L'héritage intellectuel de Mai 68
Entre 1960 et 1982, ce sont 94 numéros pour une histoire et une légende dans le paysage intellectuel de la seconde moitié du XXe siècle. Une revue qui a même obtenu sa notice dans Le Petit Larousse, précisant que son principe était "d'unir systématiquement la pratique littéraire à la réflexion théorique". Un nom, Tel Quel, qui fait penser à Paul Valéry. Mais c'est plutôt du côté de Nietzsche que, déjà, les fondateurs se tournaient, mettant en exergue du premier numéro son "je veux le monde et je le veux tel quel".

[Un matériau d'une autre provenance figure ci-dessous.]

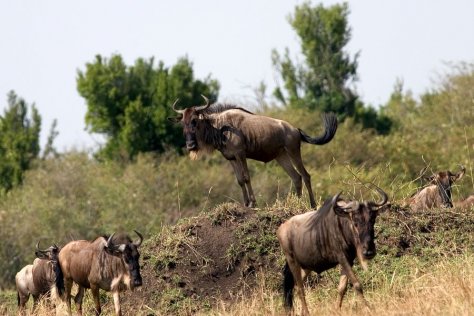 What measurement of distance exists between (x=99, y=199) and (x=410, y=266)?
95.5 feet

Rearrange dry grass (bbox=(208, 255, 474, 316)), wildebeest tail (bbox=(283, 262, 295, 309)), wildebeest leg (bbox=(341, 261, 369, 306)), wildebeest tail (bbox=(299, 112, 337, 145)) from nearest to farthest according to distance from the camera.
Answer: dry grass (bbox=(208, 255, 474, 316)), wildebeest leg (bbox=(341, 261, 369, 306)), wildebeest tail (bbox=(283, 262, 295, 309)), wildebeest tail (bbox=(299, 112, 337, 145))

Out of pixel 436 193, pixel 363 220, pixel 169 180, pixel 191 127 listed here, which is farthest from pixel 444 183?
pixel 169 180

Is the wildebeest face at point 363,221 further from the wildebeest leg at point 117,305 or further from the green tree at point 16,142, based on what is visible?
the green tree at point 16,142

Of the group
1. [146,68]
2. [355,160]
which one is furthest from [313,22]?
[355,160]

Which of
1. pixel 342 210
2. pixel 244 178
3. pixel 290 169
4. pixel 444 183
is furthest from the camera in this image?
pixel 444 183

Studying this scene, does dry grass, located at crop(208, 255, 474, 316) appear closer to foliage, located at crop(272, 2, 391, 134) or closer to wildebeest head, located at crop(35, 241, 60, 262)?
wildebeest head, located at crop(35, 241, 60, 262)

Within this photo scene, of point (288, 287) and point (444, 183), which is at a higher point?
point (444, 183)

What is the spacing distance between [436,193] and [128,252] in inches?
259

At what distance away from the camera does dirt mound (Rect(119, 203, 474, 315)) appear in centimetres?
1537

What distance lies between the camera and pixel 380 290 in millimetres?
14094

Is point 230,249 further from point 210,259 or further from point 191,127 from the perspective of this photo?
point 191,127

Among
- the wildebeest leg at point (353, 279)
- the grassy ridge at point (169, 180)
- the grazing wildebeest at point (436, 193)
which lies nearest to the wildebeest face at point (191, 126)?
the grazing wildebeest at point (436, 193)

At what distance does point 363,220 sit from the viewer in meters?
12.1

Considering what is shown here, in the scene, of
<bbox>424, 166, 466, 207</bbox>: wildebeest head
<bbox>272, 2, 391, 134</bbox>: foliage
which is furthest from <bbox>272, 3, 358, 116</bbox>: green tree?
<bbox>424, 166, 466, 207</bbox>: wildebeest head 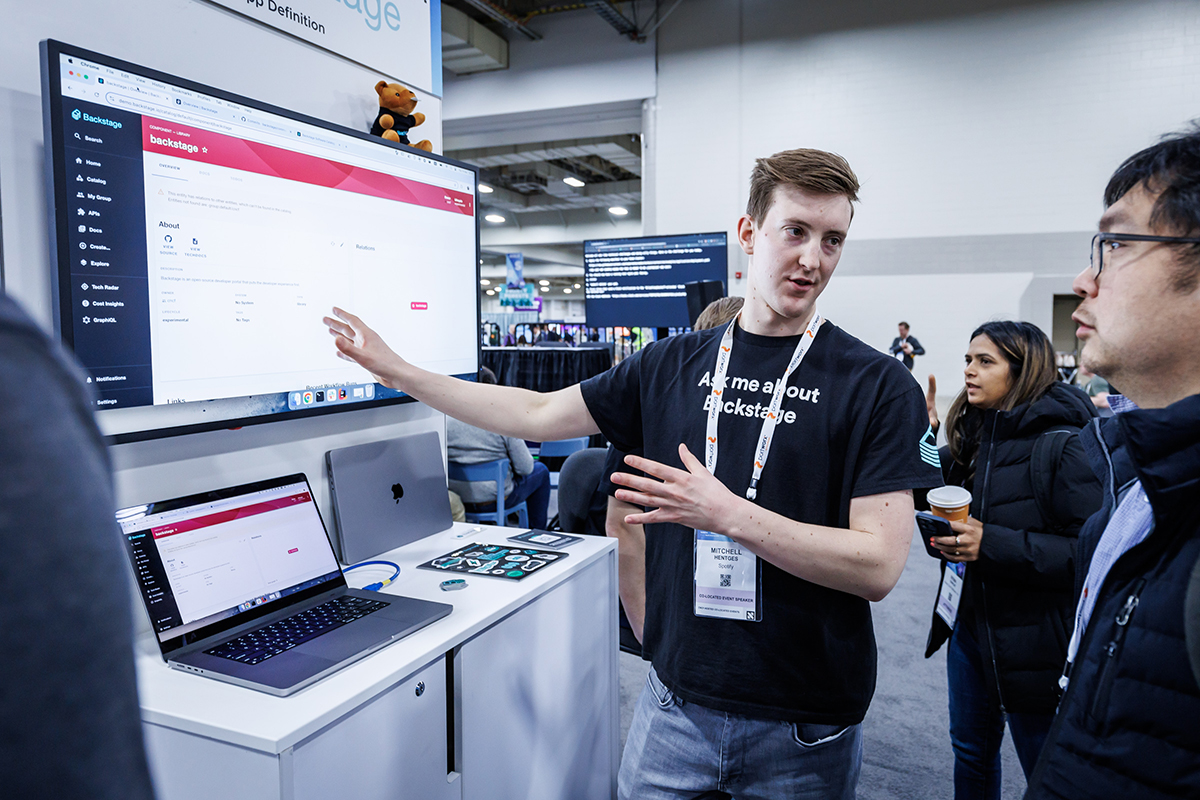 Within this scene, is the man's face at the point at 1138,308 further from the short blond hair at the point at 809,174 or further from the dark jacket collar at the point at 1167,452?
the short blond hair at the point at 809,174

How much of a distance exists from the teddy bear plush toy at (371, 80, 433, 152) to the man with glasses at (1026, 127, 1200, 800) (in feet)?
5.17

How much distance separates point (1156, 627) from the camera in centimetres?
75

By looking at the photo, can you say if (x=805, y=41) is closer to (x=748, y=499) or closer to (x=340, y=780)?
(x=748, y=499)

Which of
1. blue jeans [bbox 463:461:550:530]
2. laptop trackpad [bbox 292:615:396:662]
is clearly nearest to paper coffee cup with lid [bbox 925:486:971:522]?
laptop trackpad [bbox 292:615:396:662]

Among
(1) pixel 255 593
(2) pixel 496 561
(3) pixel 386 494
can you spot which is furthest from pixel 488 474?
(1) pixel 255 593

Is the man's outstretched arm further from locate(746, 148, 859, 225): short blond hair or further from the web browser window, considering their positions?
locate(746, 148, 859, 225): short blond hair

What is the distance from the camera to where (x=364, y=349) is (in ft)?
4.69

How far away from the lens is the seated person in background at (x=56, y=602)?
0.81ft

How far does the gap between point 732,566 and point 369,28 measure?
1705 millimetres

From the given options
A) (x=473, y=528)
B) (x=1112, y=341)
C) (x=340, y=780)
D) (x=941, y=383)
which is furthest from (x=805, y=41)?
(x=340, y=780)

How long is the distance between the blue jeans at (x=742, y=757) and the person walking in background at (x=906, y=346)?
232 inches

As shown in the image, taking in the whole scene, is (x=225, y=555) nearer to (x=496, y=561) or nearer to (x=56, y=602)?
(x=496, y=561)

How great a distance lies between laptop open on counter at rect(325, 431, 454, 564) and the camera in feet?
5.61

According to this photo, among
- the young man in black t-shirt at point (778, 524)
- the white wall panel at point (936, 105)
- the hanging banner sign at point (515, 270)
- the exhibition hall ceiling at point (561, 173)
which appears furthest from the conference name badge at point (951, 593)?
the hanging banner sign at point (515, 270) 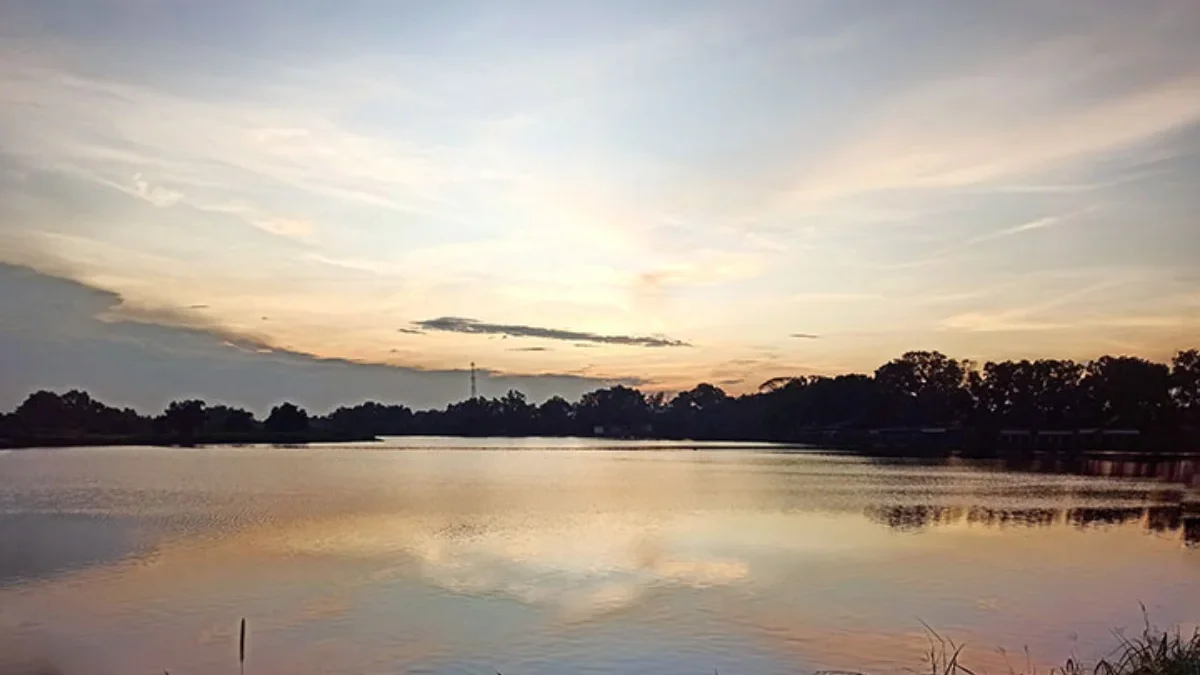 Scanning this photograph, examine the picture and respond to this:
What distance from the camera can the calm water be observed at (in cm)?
1234

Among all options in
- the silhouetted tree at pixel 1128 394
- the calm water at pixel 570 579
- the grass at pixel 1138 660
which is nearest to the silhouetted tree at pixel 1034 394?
the silhouetted tree at pixel 1128 394

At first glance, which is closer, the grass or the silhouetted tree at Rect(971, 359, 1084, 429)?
the grass

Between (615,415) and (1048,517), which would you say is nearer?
(1048,517)

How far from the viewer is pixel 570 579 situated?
57.2ft

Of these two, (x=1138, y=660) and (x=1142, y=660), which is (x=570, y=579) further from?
(x=1142, y=660)

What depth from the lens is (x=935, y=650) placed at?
1262cm

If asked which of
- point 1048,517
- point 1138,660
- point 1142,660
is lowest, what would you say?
point 1048,517

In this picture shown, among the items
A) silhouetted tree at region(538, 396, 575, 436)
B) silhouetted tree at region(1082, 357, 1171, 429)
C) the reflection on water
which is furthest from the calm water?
silhouetted tree at region(538, 396, 575, 436)

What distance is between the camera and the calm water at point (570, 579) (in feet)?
40.5

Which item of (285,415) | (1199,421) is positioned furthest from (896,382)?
(285,415)

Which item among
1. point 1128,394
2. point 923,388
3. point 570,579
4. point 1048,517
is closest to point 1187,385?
point 1128,394

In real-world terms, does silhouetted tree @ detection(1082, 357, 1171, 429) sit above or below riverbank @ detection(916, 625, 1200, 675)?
above

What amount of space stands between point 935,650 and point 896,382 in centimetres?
9777

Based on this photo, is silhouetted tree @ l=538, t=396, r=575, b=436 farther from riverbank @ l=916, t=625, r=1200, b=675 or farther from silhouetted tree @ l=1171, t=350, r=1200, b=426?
riverbank @ l=916, t=625, r=1200, b=675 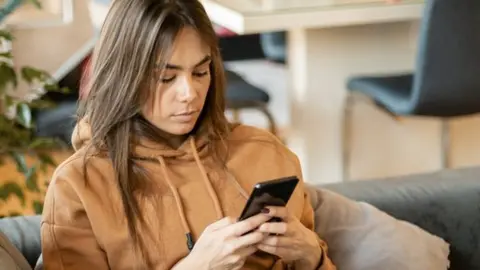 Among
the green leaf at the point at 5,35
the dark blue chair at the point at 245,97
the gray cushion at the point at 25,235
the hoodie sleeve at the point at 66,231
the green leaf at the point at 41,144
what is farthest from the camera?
the dark blue chair at the point at 245,97

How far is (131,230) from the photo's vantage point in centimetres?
142

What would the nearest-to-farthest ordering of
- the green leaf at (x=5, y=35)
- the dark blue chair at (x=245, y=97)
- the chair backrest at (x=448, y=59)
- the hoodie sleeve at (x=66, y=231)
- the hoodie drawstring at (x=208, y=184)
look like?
1. the hoodie sleeve at (x=66, y=231)
2. the hoodie drawstring at (x=208, y=184)
3. the green leaf at (x=5, y=35)
4. the chair backrest at (x=448, y=59)
5. the dark blue chair at (x=245, y=97)

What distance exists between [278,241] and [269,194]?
132mm

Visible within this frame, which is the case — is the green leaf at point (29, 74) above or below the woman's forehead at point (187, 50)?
below

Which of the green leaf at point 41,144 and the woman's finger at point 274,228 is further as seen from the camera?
the green leaf at point 41,144

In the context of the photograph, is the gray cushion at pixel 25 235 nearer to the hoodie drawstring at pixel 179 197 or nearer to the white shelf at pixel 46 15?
the hoodie drawstring at pixel 179 197

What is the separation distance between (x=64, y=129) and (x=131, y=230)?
1869mm

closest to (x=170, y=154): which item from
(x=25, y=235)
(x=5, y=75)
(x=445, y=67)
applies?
(x=25, y=235)

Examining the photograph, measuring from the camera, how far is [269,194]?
1.29 metres

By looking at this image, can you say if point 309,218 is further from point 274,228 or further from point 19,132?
point 19,132

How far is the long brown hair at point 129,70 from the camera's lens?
1.41 metres

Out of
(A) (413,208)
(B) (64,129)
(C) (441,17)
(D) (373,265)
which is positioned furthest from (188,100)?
(B) (64,129)

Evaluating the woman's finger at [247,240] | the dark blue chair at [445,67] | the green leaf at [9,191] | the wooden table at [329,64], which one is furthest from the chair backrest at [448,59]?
the woman's finger at [247,240]

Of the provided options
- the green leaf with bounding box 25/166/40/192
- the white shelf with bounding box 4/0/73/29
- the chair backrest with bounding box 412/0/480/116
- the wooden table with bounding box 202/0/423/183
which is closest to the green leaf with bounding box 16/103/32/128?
the green leaf with bounding box 25/166/40/192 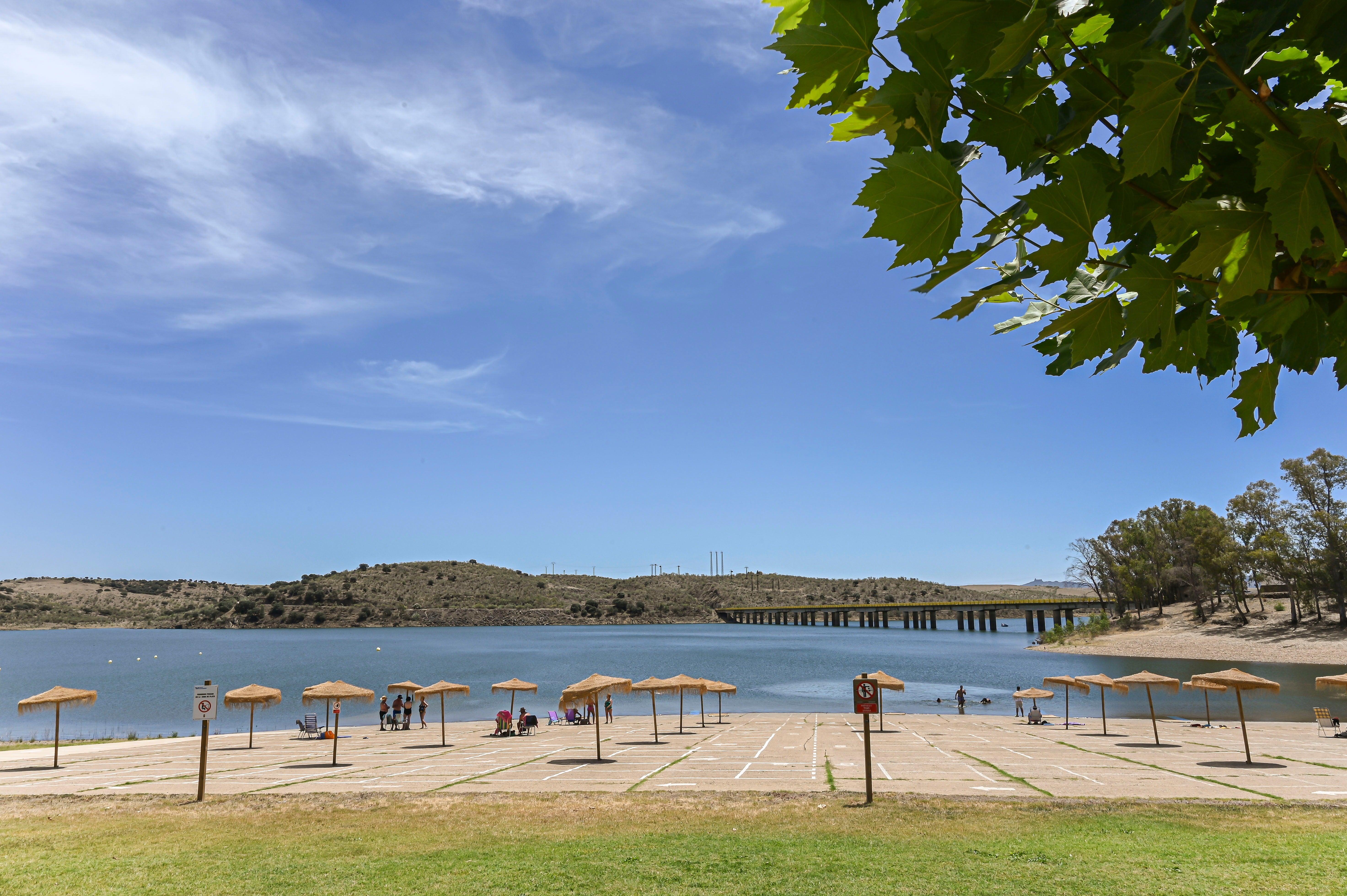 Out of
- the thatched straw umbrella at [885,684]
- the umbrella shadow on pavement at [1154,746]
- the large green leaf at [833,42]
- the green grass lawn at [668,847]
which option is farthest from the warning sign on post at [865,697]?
the thatched straw umbrella at [885,684]

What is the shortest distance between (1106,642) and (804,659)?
1512 inches

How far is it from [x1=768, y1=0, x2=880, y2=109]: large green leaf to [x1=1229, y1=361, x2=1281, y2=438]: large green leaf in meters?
1.61

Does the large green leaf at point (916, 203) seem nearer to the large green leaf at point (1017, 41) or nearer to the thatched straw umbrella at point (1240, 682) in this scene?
the large green leaf at point (1017, 41)

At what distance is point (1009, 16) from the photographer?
4.47 ft

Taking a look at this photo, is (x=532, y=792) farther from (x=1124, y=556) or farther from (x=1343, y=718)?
(x=1124, y=556)

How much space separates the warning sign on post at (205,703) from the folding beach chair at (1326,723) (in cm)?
3910

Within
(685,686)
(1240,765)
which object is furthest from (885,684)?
(1240,765)

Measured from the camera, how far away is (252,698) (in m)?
29.3

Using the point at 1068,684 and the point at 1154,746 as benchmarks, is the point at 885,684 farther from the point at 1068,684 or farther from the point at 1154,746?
the point at 1154,746

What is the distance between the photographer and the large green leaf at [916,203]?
4.26 ft

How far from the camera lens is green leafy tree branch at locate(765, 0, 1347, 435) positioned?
132 cm

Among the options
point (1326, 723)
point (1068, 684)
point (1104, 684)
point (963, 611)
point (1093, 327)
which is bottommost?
point (963, 611)

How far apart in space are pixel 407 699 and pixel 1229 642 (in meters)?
85.5

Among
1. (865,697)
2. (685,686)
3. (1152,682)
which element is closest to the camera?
(865,697) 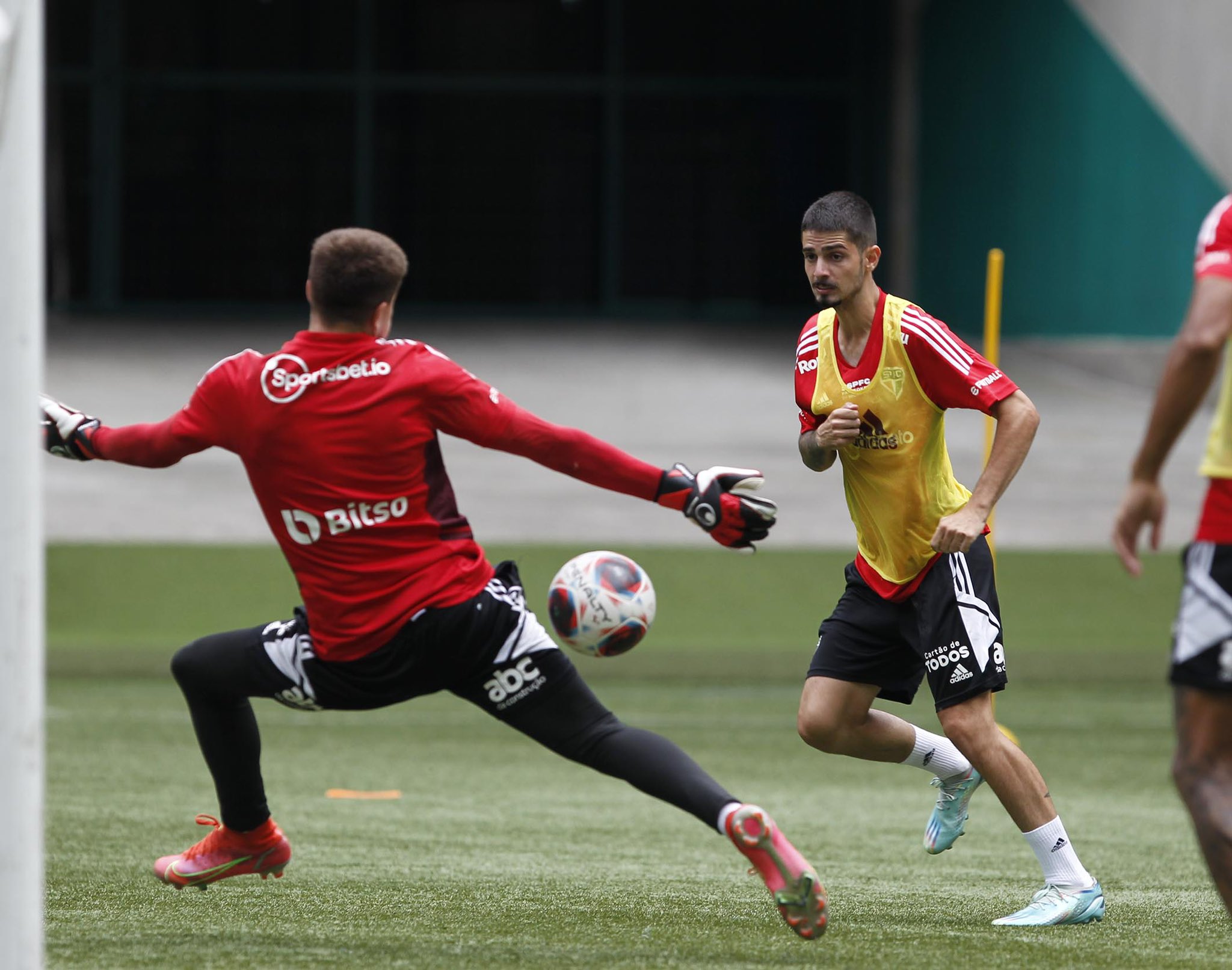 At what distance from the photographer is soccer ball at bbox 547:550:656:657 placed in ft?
15.0

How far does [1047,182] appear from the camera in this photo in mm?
22172

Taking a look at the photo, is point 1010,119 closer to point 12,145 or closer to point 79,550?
point 79,550

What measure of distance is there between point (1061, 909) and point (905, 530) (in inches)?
44.8

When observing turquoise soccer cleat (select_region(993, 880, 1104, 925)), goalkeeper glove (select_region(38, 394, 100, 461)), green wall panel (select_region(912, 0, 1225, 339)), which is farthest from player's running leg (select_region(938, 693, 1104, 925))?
green wall panel (select_region(912, 0, 1225, 339))

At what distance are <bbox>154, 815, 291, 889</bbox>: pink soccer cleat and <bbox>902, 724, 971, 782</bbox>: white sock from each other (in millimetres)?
1992

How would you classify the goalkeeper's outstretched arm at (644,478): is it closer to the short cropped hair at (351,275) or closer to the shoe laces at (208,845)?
the short cropped hair at (351,275)

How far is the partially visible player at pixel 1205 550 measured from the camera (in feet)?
11.1

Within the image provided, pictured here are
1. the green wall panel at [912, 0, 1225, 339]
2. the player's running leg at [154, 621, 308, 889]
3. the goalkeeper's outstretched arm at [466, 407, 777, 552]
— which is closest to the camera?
the goalkeeper's outstretched arm at [466, 407, 777, 552]

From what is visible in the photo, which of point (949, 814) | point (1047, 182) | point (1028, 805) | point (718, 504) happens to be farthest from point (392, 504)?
point (1047, 182)

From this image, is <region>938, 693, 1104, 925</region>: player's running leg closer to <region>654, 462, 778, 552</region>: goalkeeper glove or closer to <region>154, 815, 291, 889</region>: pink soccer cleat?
<region>654, 462, 778, 552</region>: goalkeeper glove

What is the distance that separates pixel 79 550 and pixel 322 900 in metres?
9.60

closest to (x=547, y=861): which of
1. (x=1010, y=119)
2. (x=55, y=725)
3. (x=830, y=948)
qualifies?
(x=830, y=948)

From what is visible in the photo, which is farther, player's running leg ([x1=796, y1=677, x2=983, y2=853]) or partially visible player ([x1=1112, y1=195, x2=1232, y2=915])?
player's running leg ([x1=796, y1=677, x2=983, y2=853])

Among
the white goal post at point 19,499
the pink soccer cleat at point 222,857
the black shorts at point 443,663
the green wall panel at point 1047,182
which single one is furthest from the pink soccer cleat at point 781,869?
the green wall panel at point 1047,182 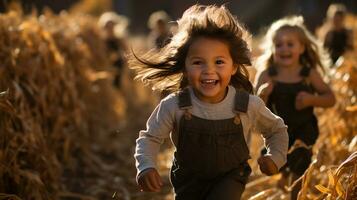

Tel Quel paraît pour la première fois en mars 1960, mais son véritable départ est en 1963, avec un nouveau comité de rédaction, comme le démontre Philippe Forest dans son Histoire de "Tel Quel" (Seuil, 600 p., 1995). Et ce fut la dernière des avant-gardes, qui a réussi sa propre dissolution. Pourquoi la dernière ? Parce que, toujours selon Forest, mais cette fois dans De "Tel Quel" à "L'Infini" (éd. Cécile Defaut, 2006) "depuis, s'est ouverte une autre histoire dont nous ne pouvons plus croire que, de rupture en rupture, d'époque en époque, elle nous mènerait quelque part". Pour Forest, "si le souvenir de Tel Quel suscite tant d'énervement et d'agitation, c'est parce qu'au-delà de l'histoire de cette revue, le débat porte en réalité sur le devenir de la littérature et de la philosophie françaises depuis 1960 : faut-il liquider l'héritage de ce que deux polémistes ont fort justement nommé la "pensée 68" ? On peut, à bon droit, penser que non".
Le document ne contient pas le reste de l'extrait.